How does profit get calculated?
We divide our profit (revenue-expenses) into a few buckets: taxes, cash-on-hand for innovation and growth, and profit for distribution. Profit for distribution is then divided between three groups:
30% — Team profit sharing, including senior leadership bonuses (2% for leading each of the 5 major functions) - nobody is in this bucket the moment, will not trigger until we are further along at scale.
70% — Investor distributions
With 30% of profit for distribution going to employees, each member can see how their daily decisions affect their own profit sharing checks.
Salary is not a factor
One key difference between our system and most other profit sharing systems we’ve seen is that we don’t account for salary. Our theory is that salary is a reflection of your market value and not exactly your value to the company. A higher market value such as an engineer versus a customer support team member is already reflected in salary, so we don’t need to account for it again in profit sharing.
Spend like it’s your money
A year ago someone on the team suggested going to Greece instead of Vilnius for our winter team retreat. We thought it was a great idea and started to price it out.
The estimate for Vilnius came back at $20,000. Greece was closer to $40,000. We asked the team and everyone said, “Vilnius is great. Let’s save $20,000.

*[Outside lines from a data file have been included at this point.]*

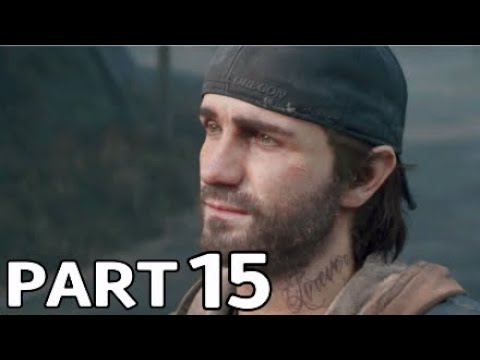 DAYS GONE Walkthrough Gameplay Part 15 - IRON MIKE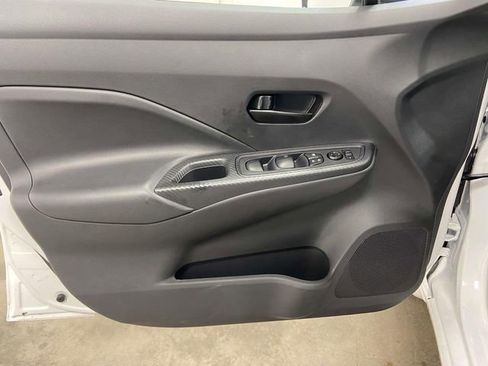 New 2025 Nissan Versa S w/ Trunk Package image 9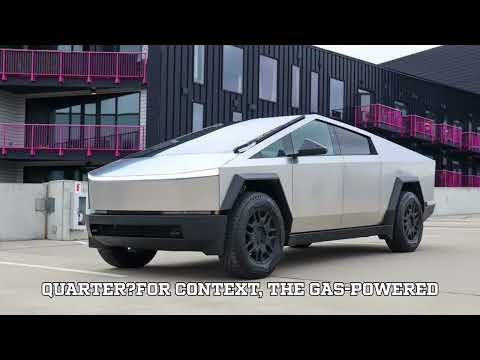 Cybertruck Knocked Off the Throne! America’s New #1 Electric Truck Will Shock You!
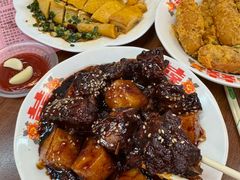 -谢记上海大排档(长寿路店)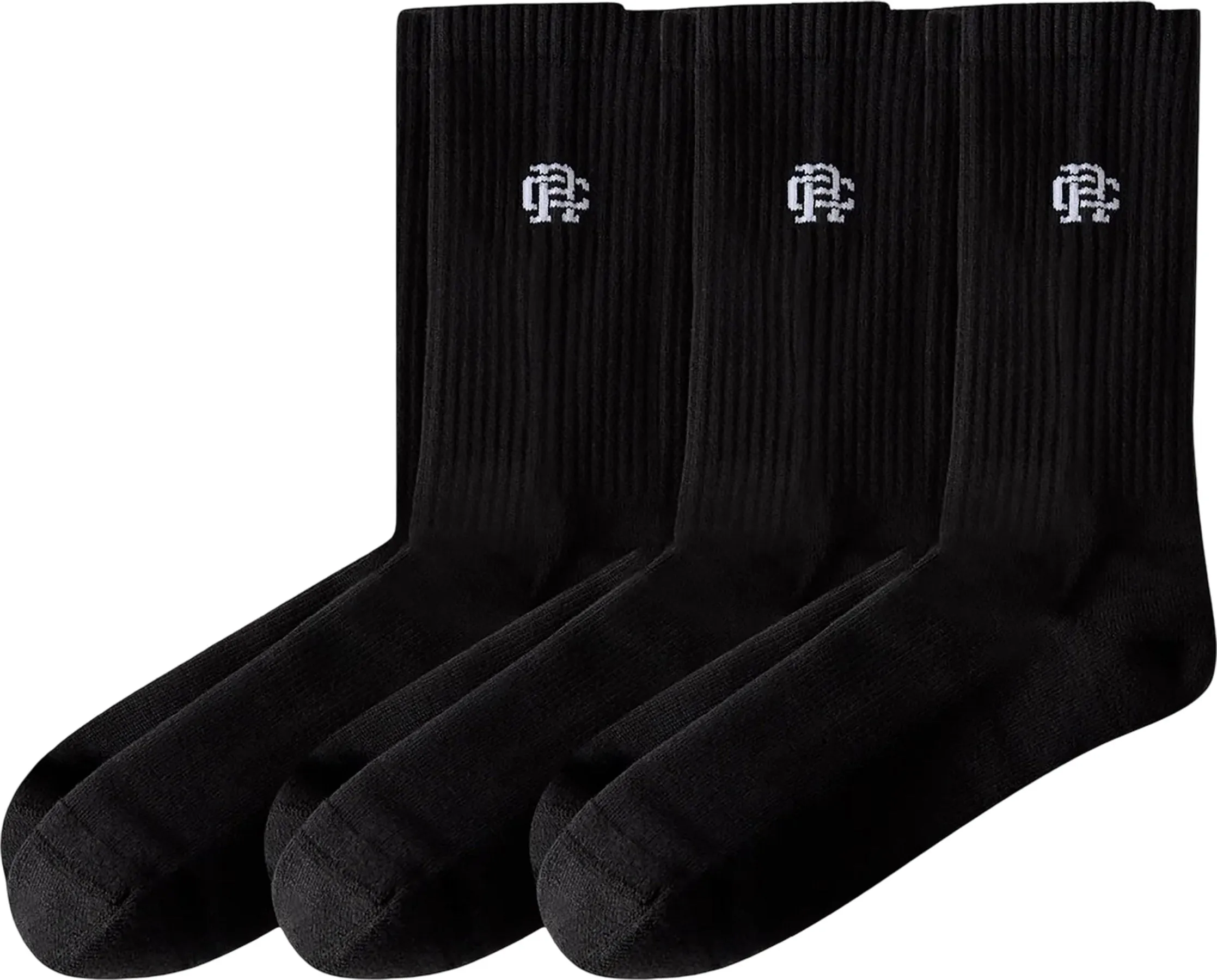 3-Pack Classic Crew Socks - Men's|-|Chaussettes mi-mollet classiques - Lot de 3 - Homme sold by Altitude Sports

Another time someone accidentally left an extra server running, which cost about $1,000 for the month. Once it was discovered and shut off the message from the team was clear, “It’s not a big deal in the grand scheme of things, but please be careful. It’s our money.”
Senior Leadership bonuses
As part of this we have 10% allocated for bonuses for leadership. This is based on quarterly goals each leader sets and the percentage they hit during that period. They also receive their share of the team profit sharing.
So if a leader set 10 goals for themselves and their team each quarter they would receive their share of the total based on goals completed. So with 5 leaders they would each have a pool of 2% of the profit for distribution. Then if they complete 7/10 goals in the first quarter and 8/10 in the second quarter they would receive 75% (15/20) of the pool they are eligible for.
This is a simple system that is decently effective. It rewards smart goal-setting and peer pressure from other leaders ensuring that you don’t set unambitious goals you are guaranteed to hit.